The rule continues, "It also will increase their ability to maintain a stable net asset value in the face of multiple shocks to a money market fund, such as a simultaneous widening of spreads and increase in redemptions, such as occurred during the fall of 2008. Introducing the weighted average life limitation on money market funds' portfolios will limit credit spread risk and interest rate spread risk to funds from longer term floating- or variable-rate securities. In addition, fund portfolios with a lower WAM and a 120-day maximum WAL will turn over more quickly, and the fund will be better able to increase its holdings of highly liquid securities in the face of illiquid markets than funds operating under a maximum 90 day WAM limitation."
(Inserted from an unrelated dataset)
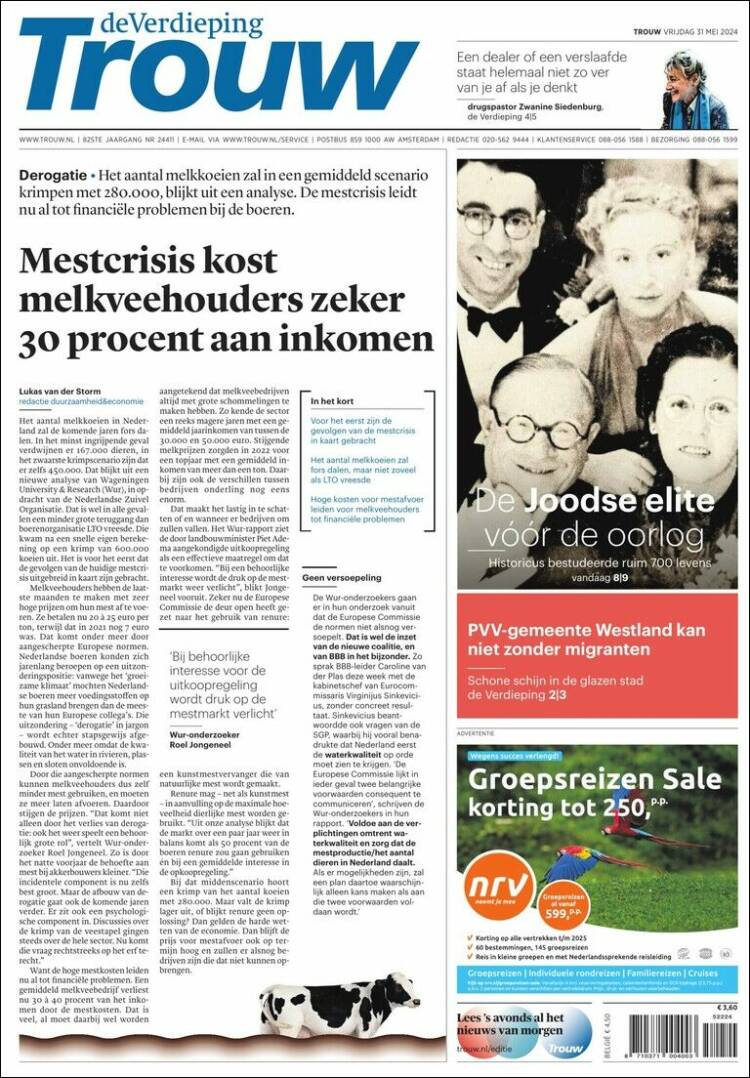 Portada de Trouw (Pa&iacute;ses Bajos)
The SEC says, "We believe that the new liquidity requirements will decrease liquidity risk. As discussed above, they are designed to increase a money market fund's ability to withstand illiquid markets by ensuring that the fund further limits its acquisitions of illiquid securities and that a certain percentage of its assets are held in daily and weekly liquid assets. Under the general liquidity requirement, moreover, each money market fund must assess its liquidity needs on an ongoing basis and take additional actions as appropriate in order to manage its liquidity. Together, these requirements should decrease the likelihood that a fund would have to realize losses from selling portfolio securities into an illiquid market to satisfy redemption requests, which could put pressure on the fund's ability to maintain a stable net asset value."
They say, "We believe that a reduction of these credit, interest rate, spread, and liquidity risks will better enable money market funds to weather market turbulence and maintain a stable net asset value per share. The amendments are designed to reduce the risk that a money market fund will break the buck, and thereby prevent losses to fund investors. To the extent that money market funds are more stable, they also will reduce systemic risk to the capital markets and provide a more stable source of financing for issuers of short-term credit instruments, thus promoting capital formation. If money market funds become more stable investments as a result of the rule amendments, they may attract further investment, increasing their role as a source of capital."
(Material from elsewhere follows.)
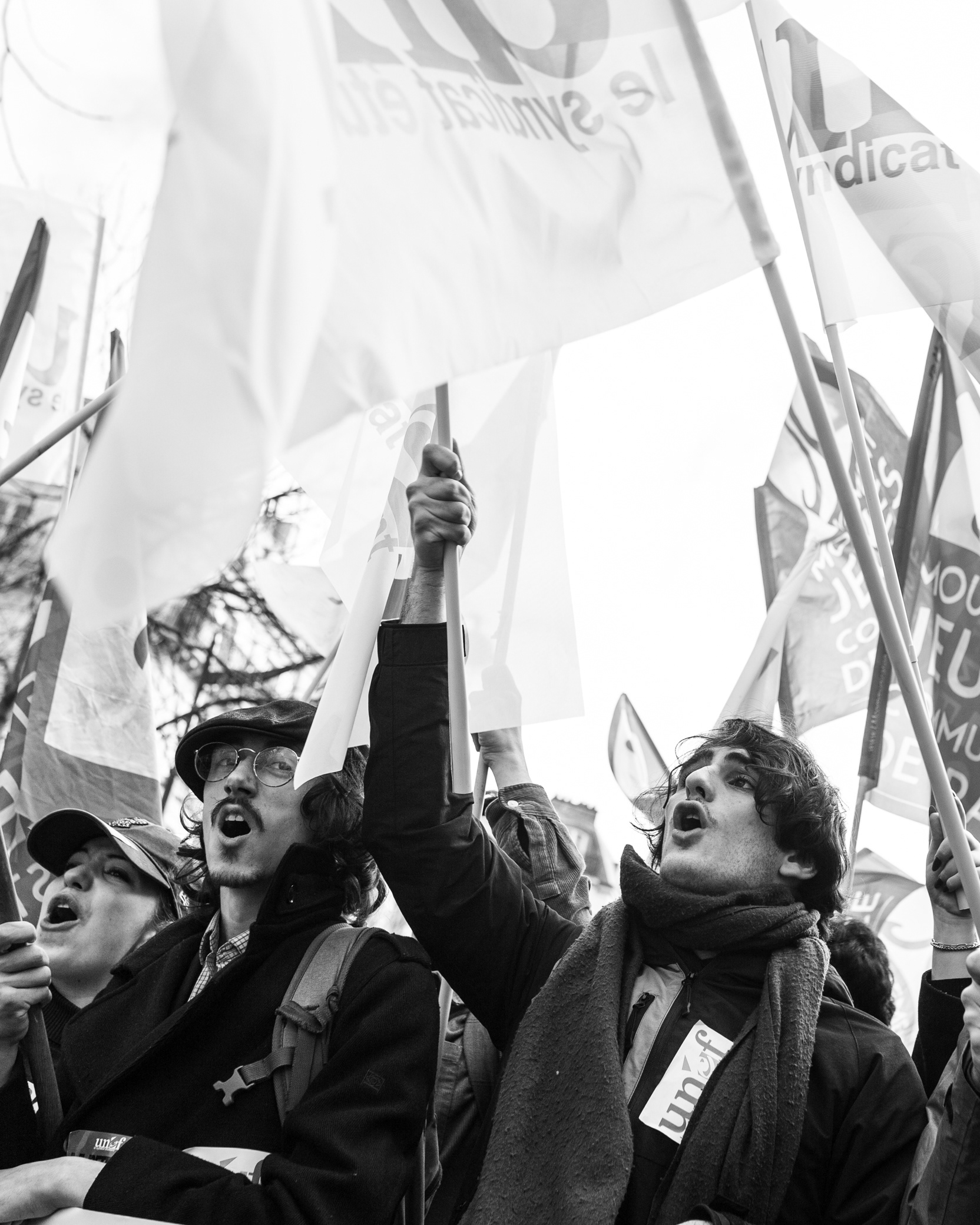 31.01.2023 Paris - Students chant slogans, and hold flags during the demonstration in Paris. A French pension reform strike took place for the second time this month where hundreds of thousands took the streets in Paris to pressure President Emmanuel Macron to drop the pension reform plan.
On "Costs" (see page 125), the SEC says, "We recognize that our amendments regarding second tier securities, portfolio maturity, and liquidity will impose costs on some money market funds. For example, yields might decrease in funds depending on their current positions in second tier securities, less liquid securities, and longer term instruments because those instruments typically offer above average yields. We note that the yield offered by a security is tied to its risk. It is important to consider our rule amendments' impact on money market fund yields in this context."